▸ WHAT IS BEING ASKED
Would you retype, word for word, the line with "スッキリと開放感のある玄関。<br />" and each line after it to the end of the entries below, leaving the pictures out?

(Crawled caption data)
..........

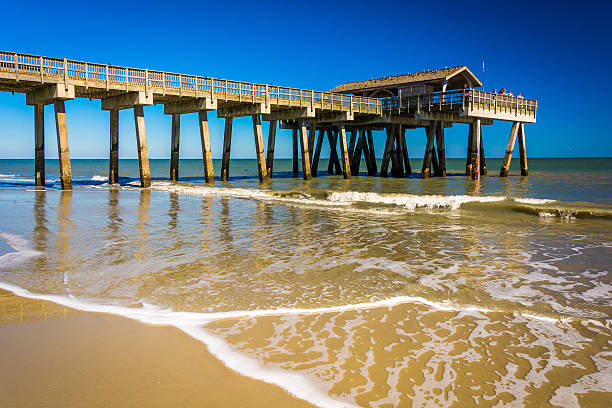 The fishing pier and Atlantic Ocean at Tybee Island, Georgia. The fishing pier and Atlantic Ocean at Tybee Island, Georgia. tybee island, georgia stock pictures, royalty-free photos & images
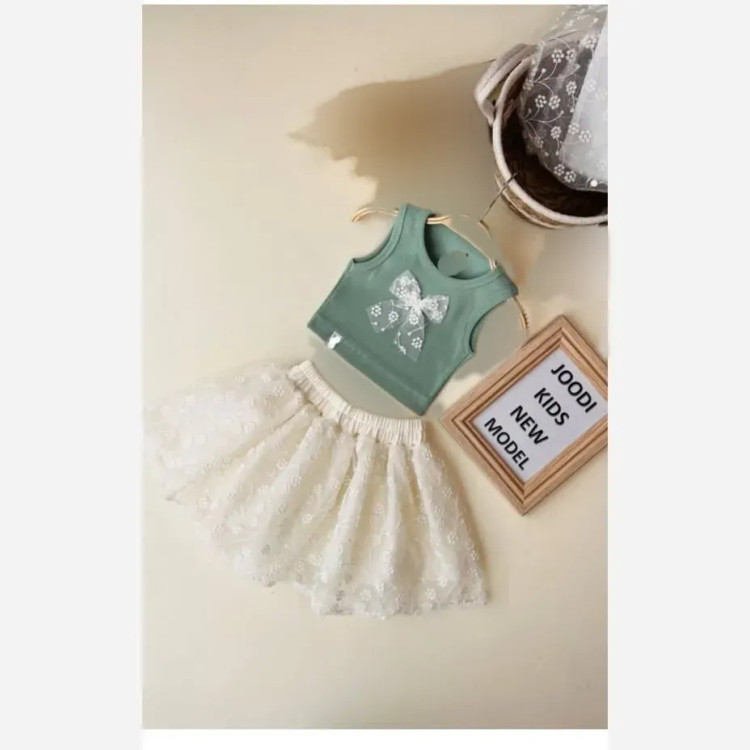 ست کراپ و دامن دخترانه مدل دلوان جنس تاپ پنبه و دامن تور دانتل (2)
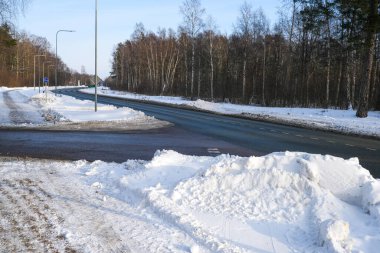Orman ağaçları, asfalt ve mavi gökyüzünün altındaki kar yığınları ile karlı bir kış manzarasında kıvrılan sakin bir banliyö yolu.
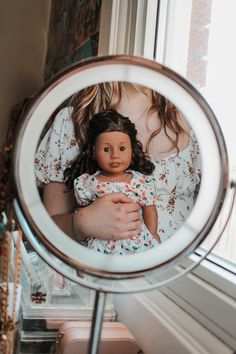 a reflection of a woman holding a doll in front of a mirror on a table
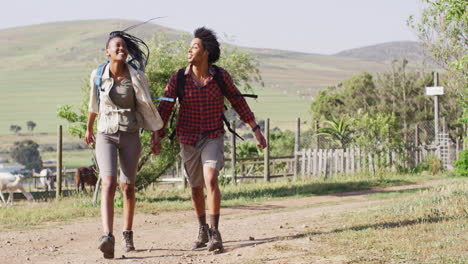 feliz pareja afroamericana con mochilas, caminando juntos en un día soleado, cámara lenta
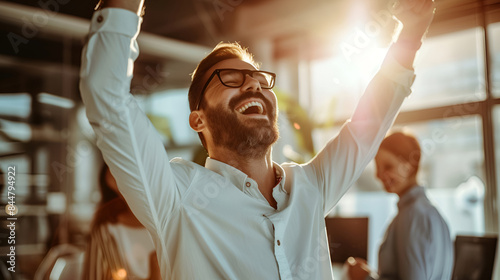 A male businessman in a suit celebrates with raised hands, symbolizing success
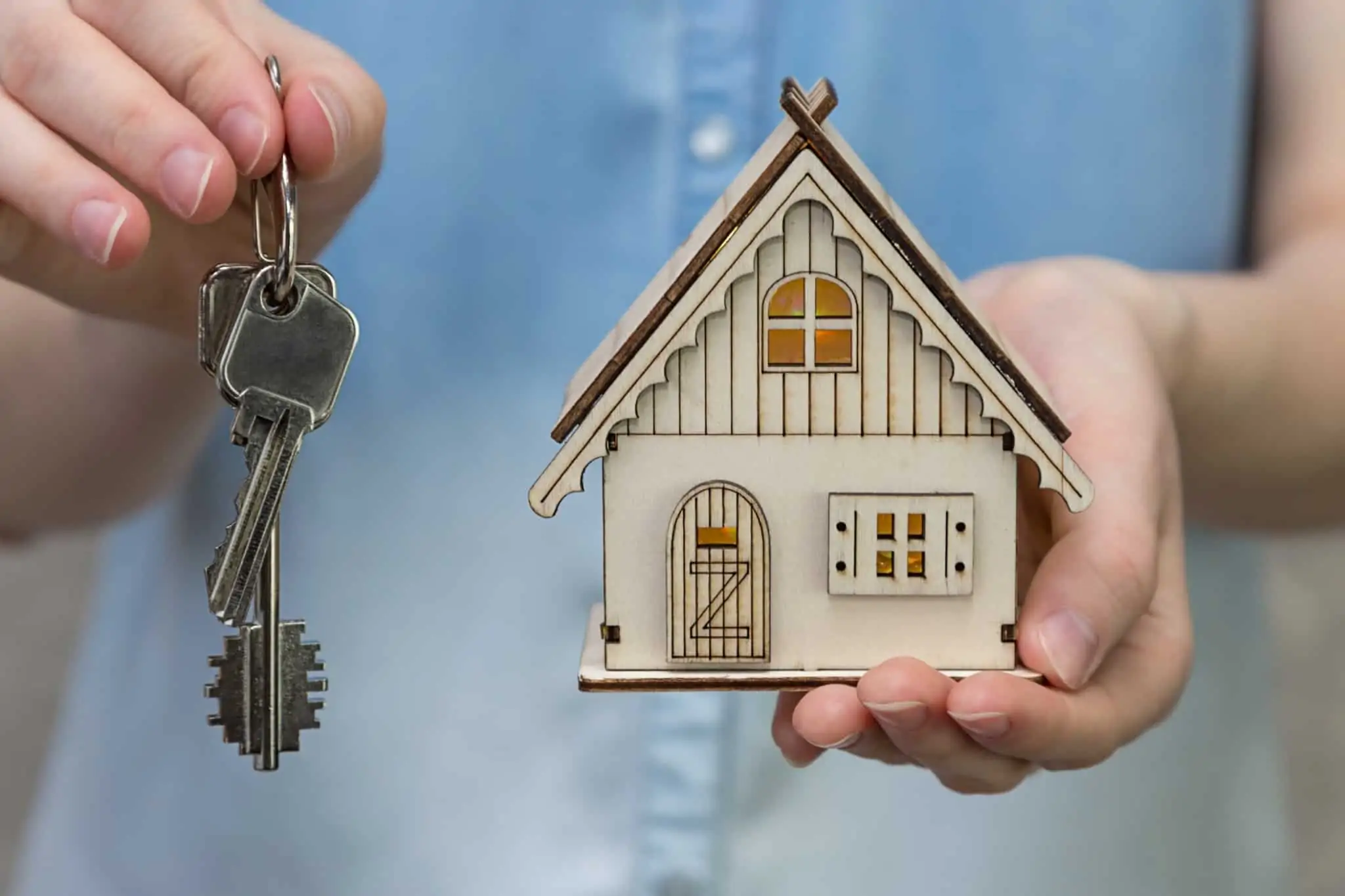Qual o momento certo para comprar casa? mão a segurar uma casa e outra mão a segurar umas chaves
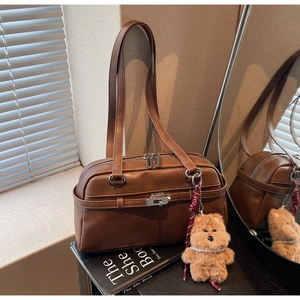 Detail of vintage brown leather bowling bag with silver buckle and plush bear charm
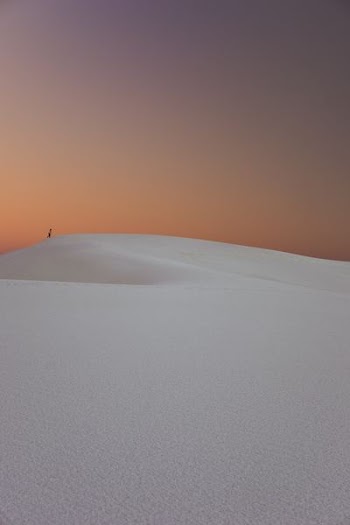 person walking in the desert dunes
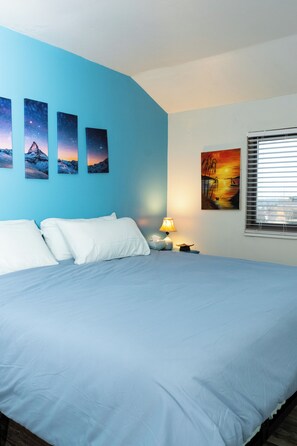 A bedroom with a large bed, white pillows, a bedside table with a lamp, and three wall art pieces depicting mountains and a sunset.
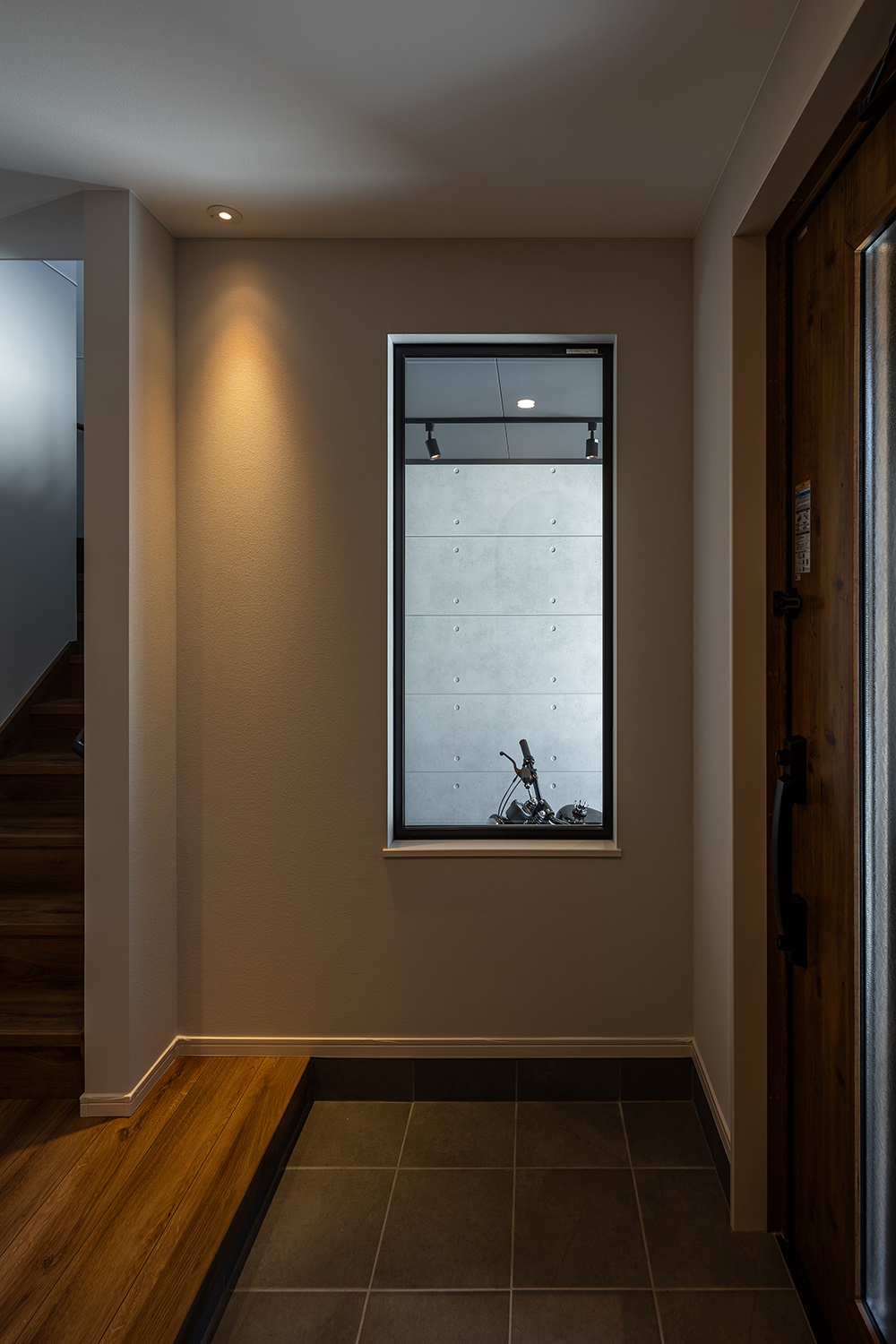 スッキリと開放感のある玄関。<br />
大きなFIX窓からはガレージの様子を眺めることができます。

..........

▸ ANSWER FOR THE TASK
 スッキリと開放感のある玄関。<br />
大きなFIX窓からはガレージの様子を眺めることができます。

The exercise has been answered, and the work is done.